Muchas veces me pregunto por qué durante nuestra niñez nos choca ver a nuestros padres, incluso imaginarlos, teniendo relaciones sexuales, como si ellos no pudieran o no debieran de tener relaciones sexuales.
Recuerdo aquella mañana en que encontré a los míos haciendo el amor. Entré a su dormitorio y los dos saltaron de un lado a otro asustadísimos, calatos, con pudor.
Era como ver un acto de violencia. Como si mi padre le estuviera haciendo daño a mi madre. O al revés. Me quedé impresionada por varios días.
Yo sabía lo que era el sexo –en teoría–, mi madre me lo había explicado de una forma bonita cuando cumplí los diez años, pero nunca había visto en vivo el acto sexual, y el hecho de que mis padres fueran los protagonistas me chocó tremendamente.
Pero me pregunto, ¿por qué tuve esa reacción tan brutal ante un acto que de por sí es central en nuestra existencia? ¿por qué además verlo como algo amenazante en mi relación de hija con mis padres?
Horas después me vino una indigestión terrible. No podía comentarlo con nadie, me sentía tristísima.
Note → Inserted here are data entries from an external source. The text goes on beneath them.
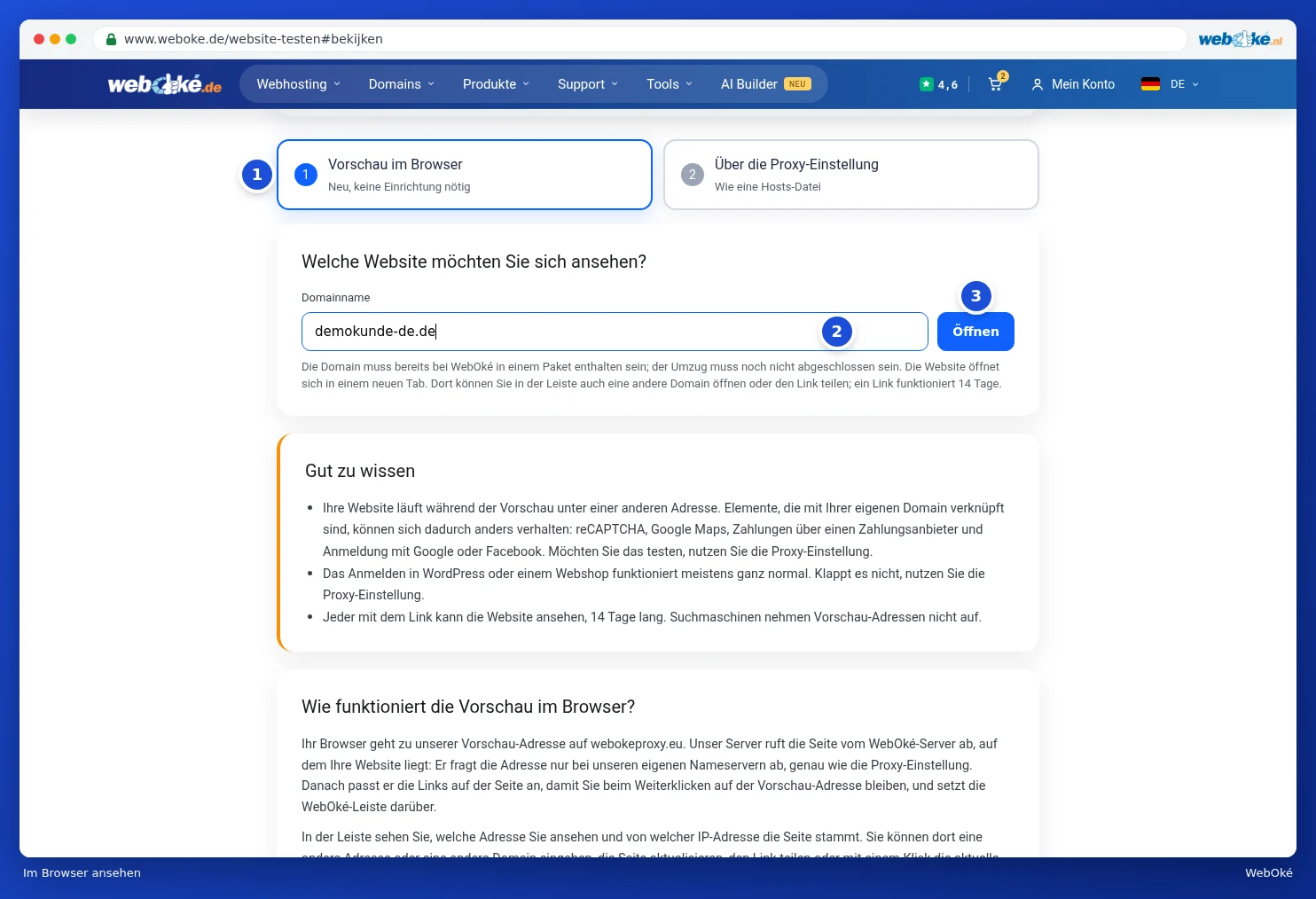 Die Registerkarte Vorschau im Browser mit eingetragenem Domainnamen und der Schaltfläche Öffnen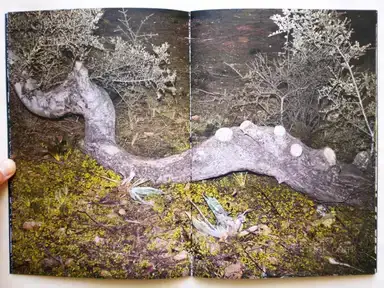 Sample page 10 for book "Koublis, Petros – Petros Koublis - INLANDS" Sample page 10 for book "Koublis, Petros – Petros Koublis - INLANDS"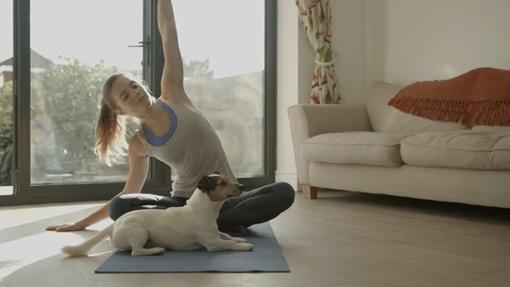 Habit Coach introduction video screenshot of young women doing yoga with dog present.
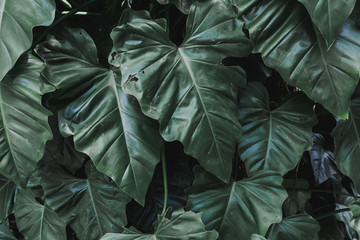 Tropical green leaves on black background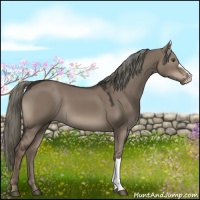 Horse Color:Liver Red Dun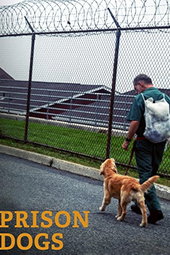 Prison Dogs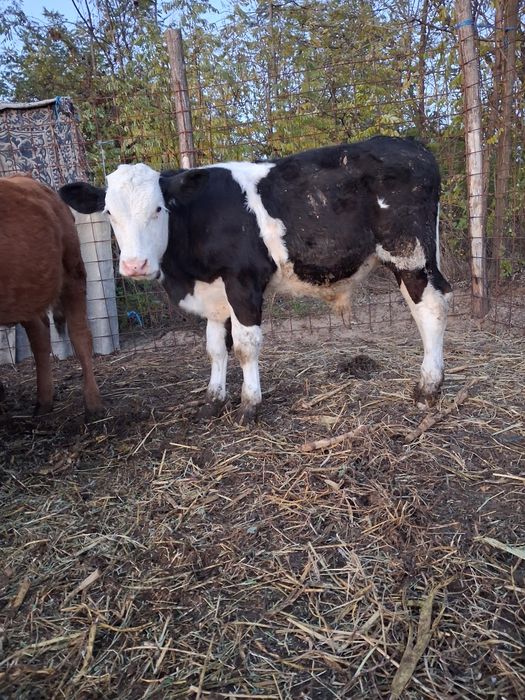 Vând tauras frumos mancacios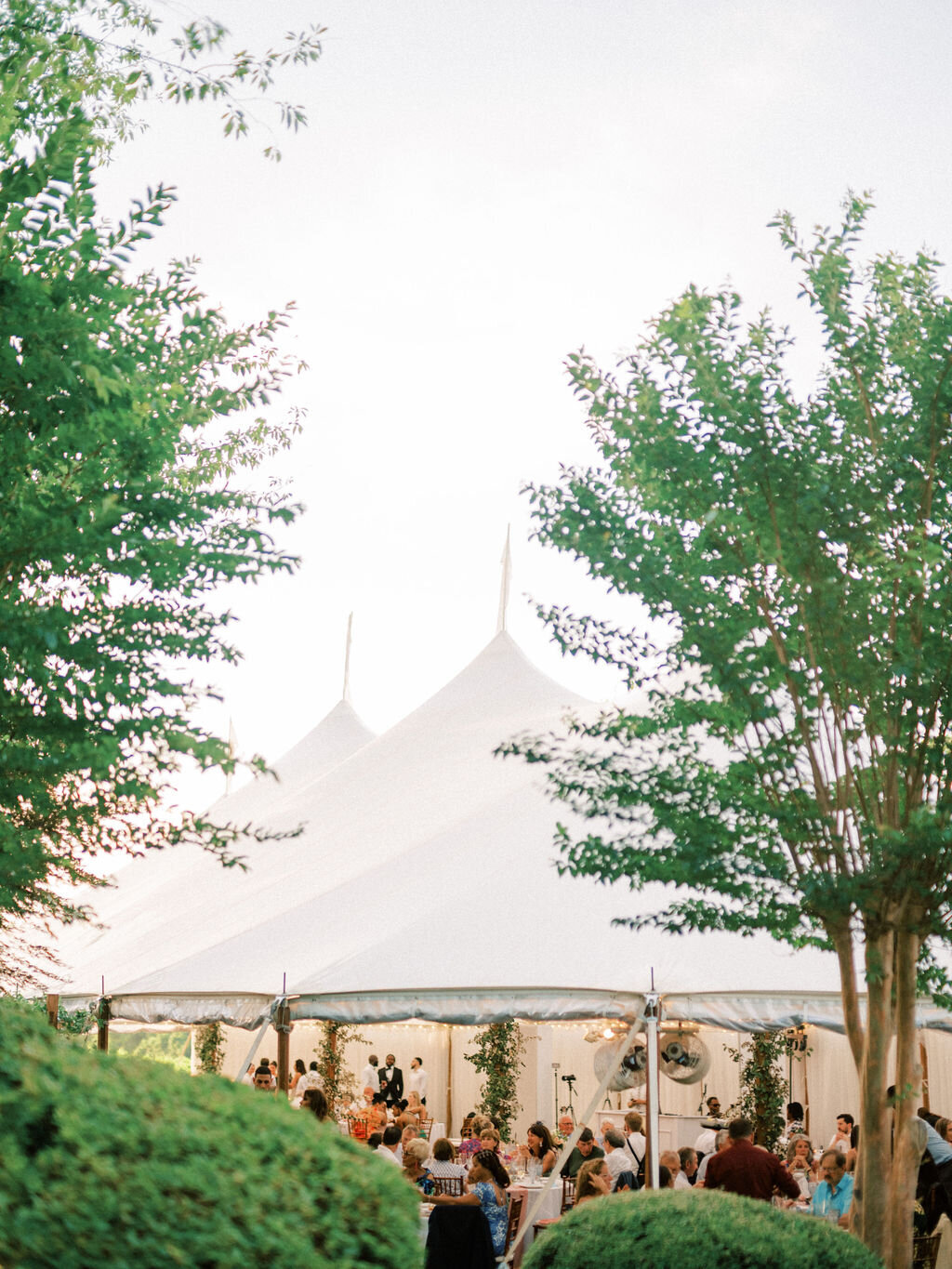 Erin&Austin_KeswickVineyardsWedding_SneakPeek-108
Me senté en mi cama y me puse a llorar.
Este pensamiento acaba de surgir a raiz de una re-lectura de “Las reputaciones” de Juan Gabriel Vásquez, finalista en la Bienal de Lima. Samanta –una de las protagonistas– rememora a partir de una imagen –de la casa de Mallarino, el caricaturista- una vivencia que creía olvidado.
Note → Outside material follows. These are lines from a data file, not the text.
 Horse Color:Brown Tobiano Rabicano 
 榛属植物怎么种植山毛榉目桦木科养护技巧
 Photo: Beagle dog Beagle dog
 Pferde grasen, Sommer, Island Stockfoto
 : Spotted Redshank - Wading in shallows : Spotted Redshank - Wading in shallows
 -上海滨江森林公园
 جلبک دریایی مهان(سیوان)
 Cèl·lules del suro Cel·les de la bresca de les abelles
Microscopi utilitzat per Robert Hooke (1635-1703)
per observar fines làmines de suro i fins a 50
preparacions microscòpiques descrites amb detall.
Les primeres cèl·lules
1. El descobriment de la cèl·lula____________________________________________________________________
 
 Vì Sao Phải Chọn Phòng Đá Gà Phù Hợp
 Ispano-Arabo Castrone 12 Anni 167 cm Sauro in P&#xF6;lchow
El sexo como símbolo de violencia representado en la mente de un niño. ¿Por qué? ¿Cómo? En foros de internet mucha gente piensa que es disgustante ver o escuchar a sus padres haciendo el amor.
Ahora a mi edad adulta me hubiese encantado que mis padres hicieran más el amor o el sexo, en lugar de discutir y de irse cada uno por su lado. Hubiese sido más sano, más humano, menos tabú.